PROMPT: The answer must consist only of the lines in the records below from the line with "CD89A33F-CB1B-470C-A97E-203CDDCDA432" to the line with "Vans Pomona Station Jacket", both included, copied word for word with every picture left out.

*** MATERIAL TO PROCESS

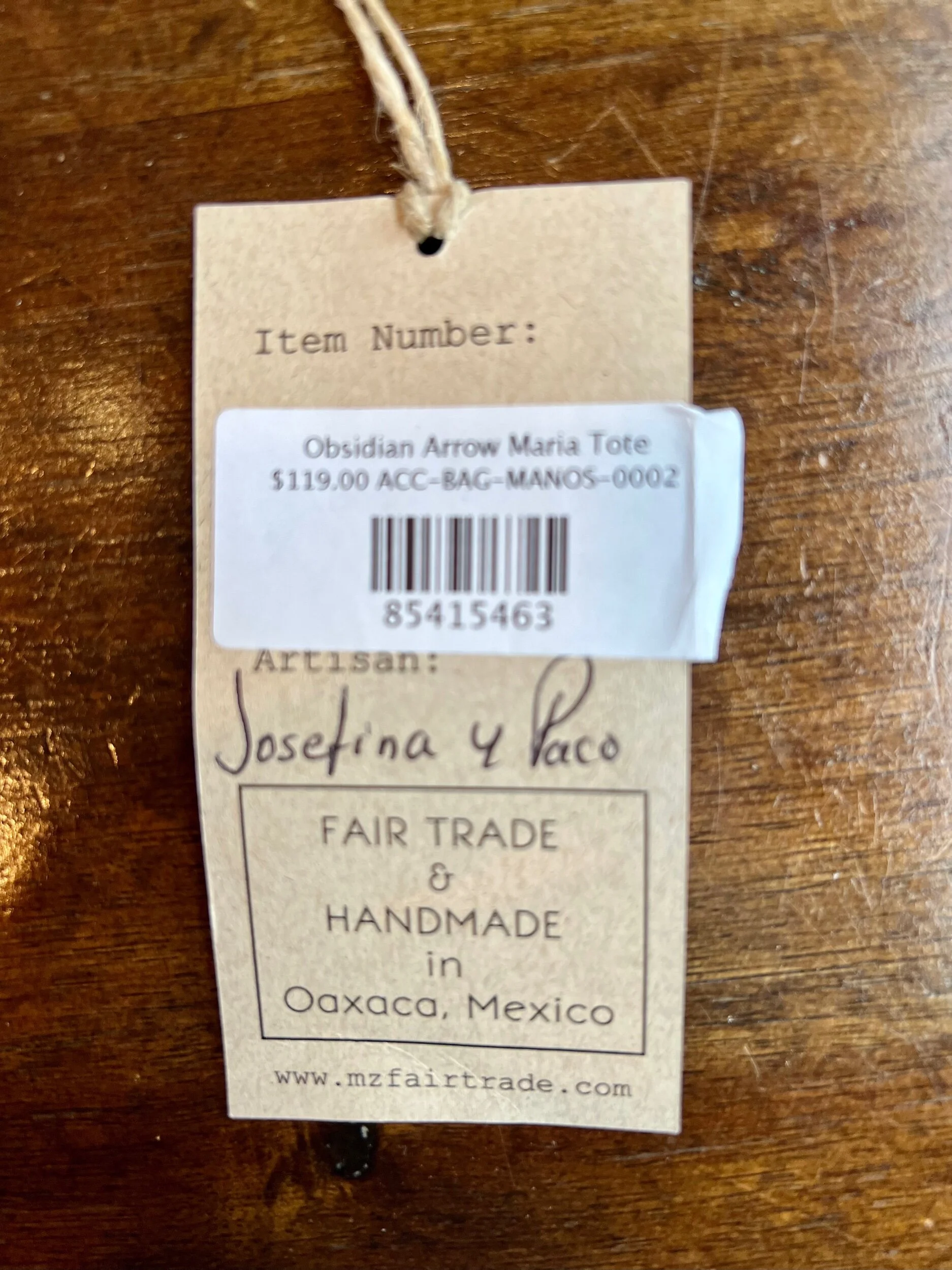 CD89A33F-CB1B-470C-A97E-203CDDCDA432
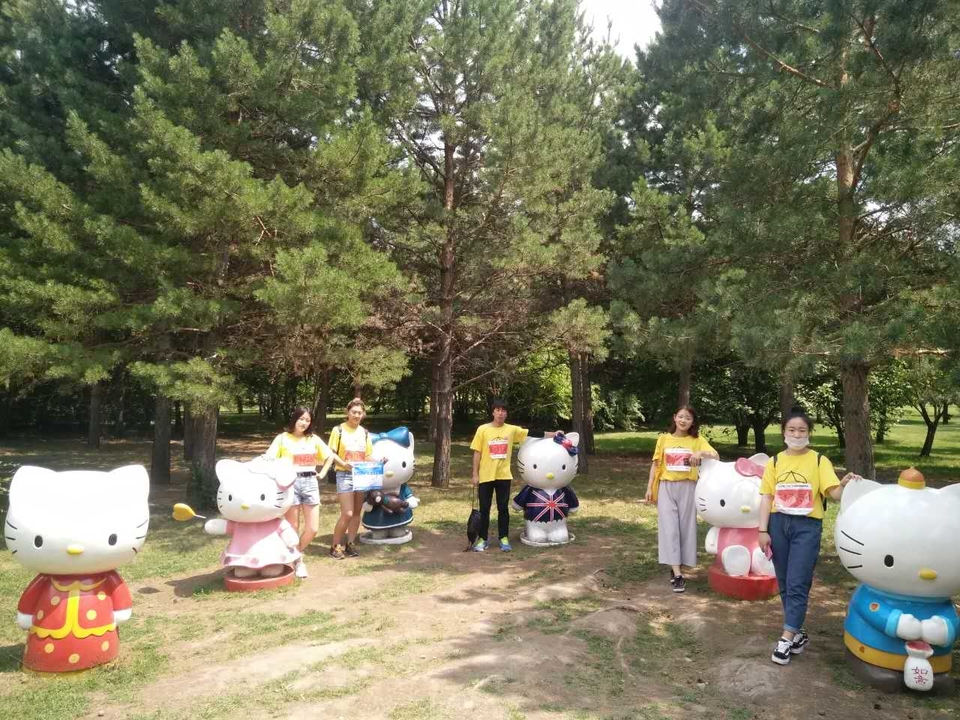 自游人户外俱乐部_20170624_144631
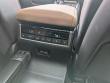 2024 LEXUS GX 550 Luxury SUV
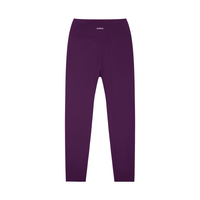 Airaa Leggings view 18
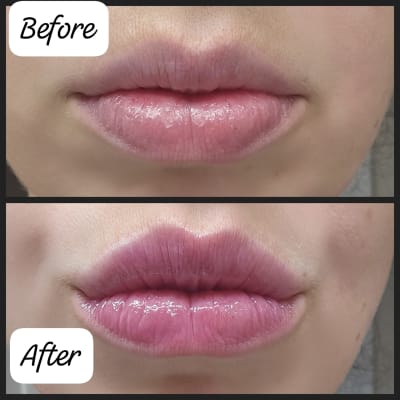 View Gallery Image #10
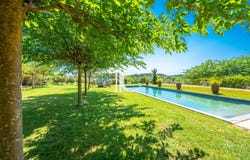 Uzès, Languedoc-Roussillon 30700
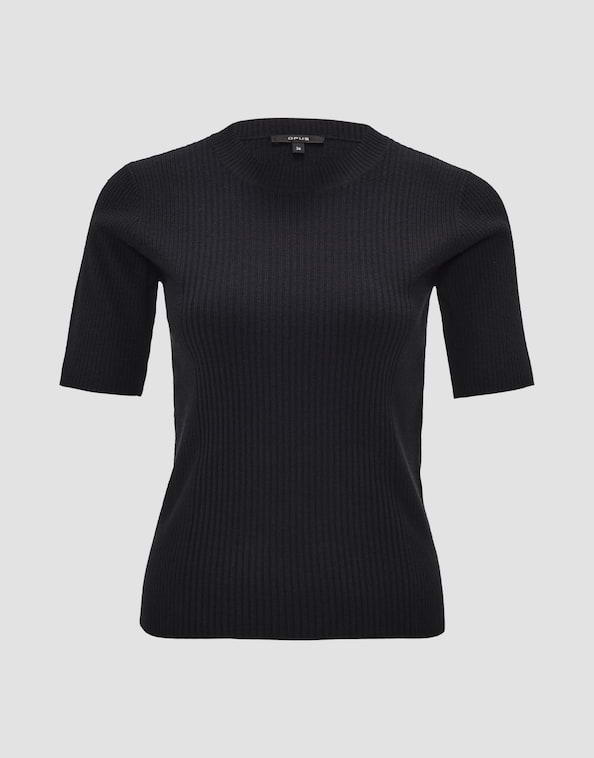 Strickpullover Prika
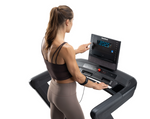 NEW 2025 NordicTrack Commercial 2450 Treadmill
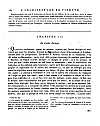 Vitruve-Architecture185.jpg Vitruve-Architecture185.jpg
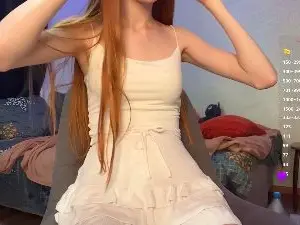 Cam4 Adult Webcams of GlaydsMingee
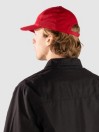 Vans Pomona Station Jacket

******
*** MATERIAL TO PROCESS

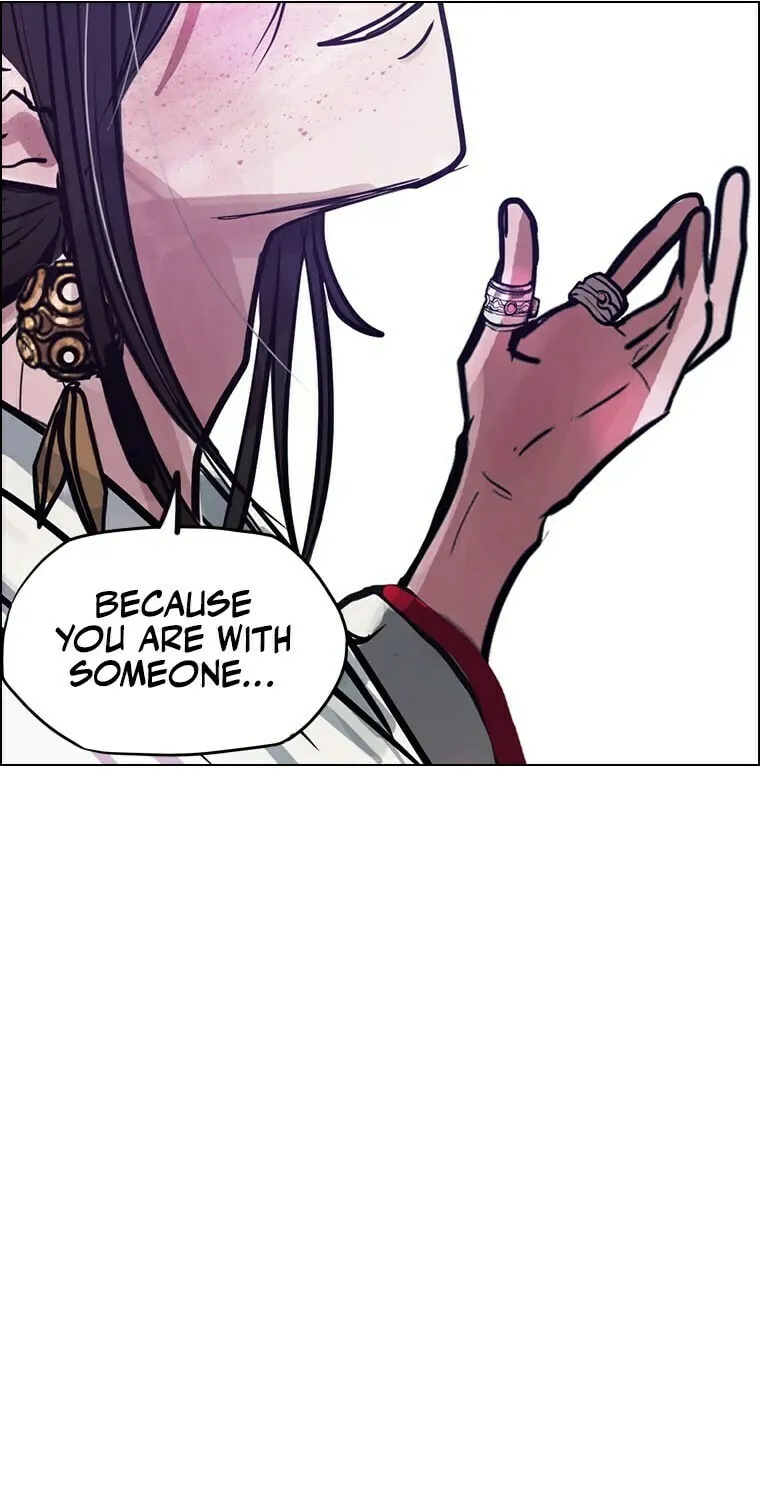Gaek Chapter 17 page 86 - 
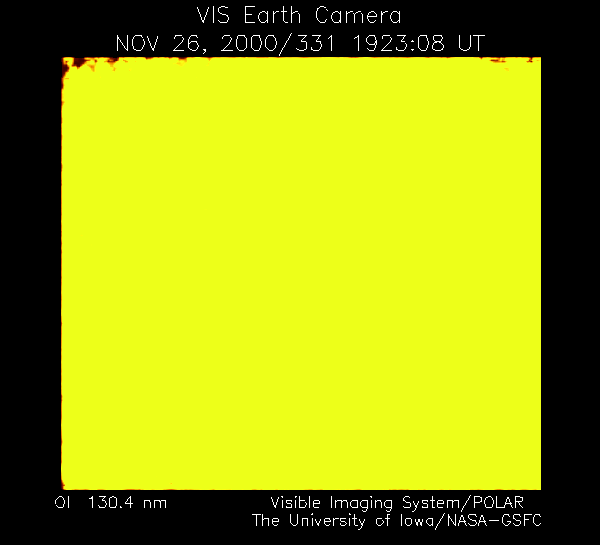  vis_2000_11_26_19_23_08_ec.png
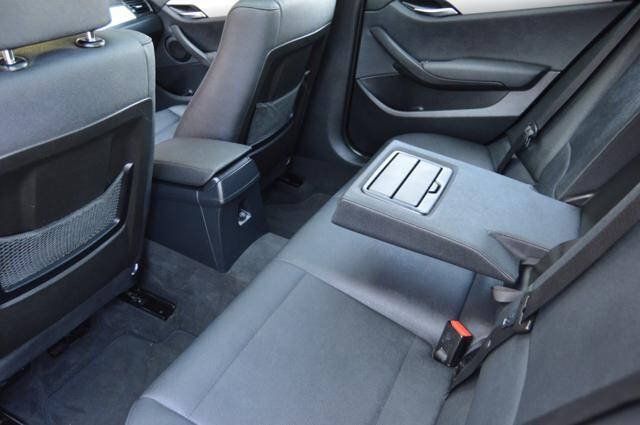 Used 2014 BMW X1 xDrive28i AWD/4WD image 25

******

SOLUTION:
 CD89A33F-CB1B-470C-A97E-203CDDCDA432
 自游人户外俱乐部_20170624_144631
 2024 LEXUS GX 550 Luxury SUV
 Airaa Leggings view 18
 View Gallery Image #10
 Uzès, Languedoc-Roussillon 30700
 Strickpullover Prika
 NEW 2025 NordicTrack Commercial 2450 Treadmill
 Vitruve-Architecture185.jpg Vitruve-Architecture185.jpg
 Cam4 Adult Webcams of GlaydsMingee
 Vans Pomona Station Jacket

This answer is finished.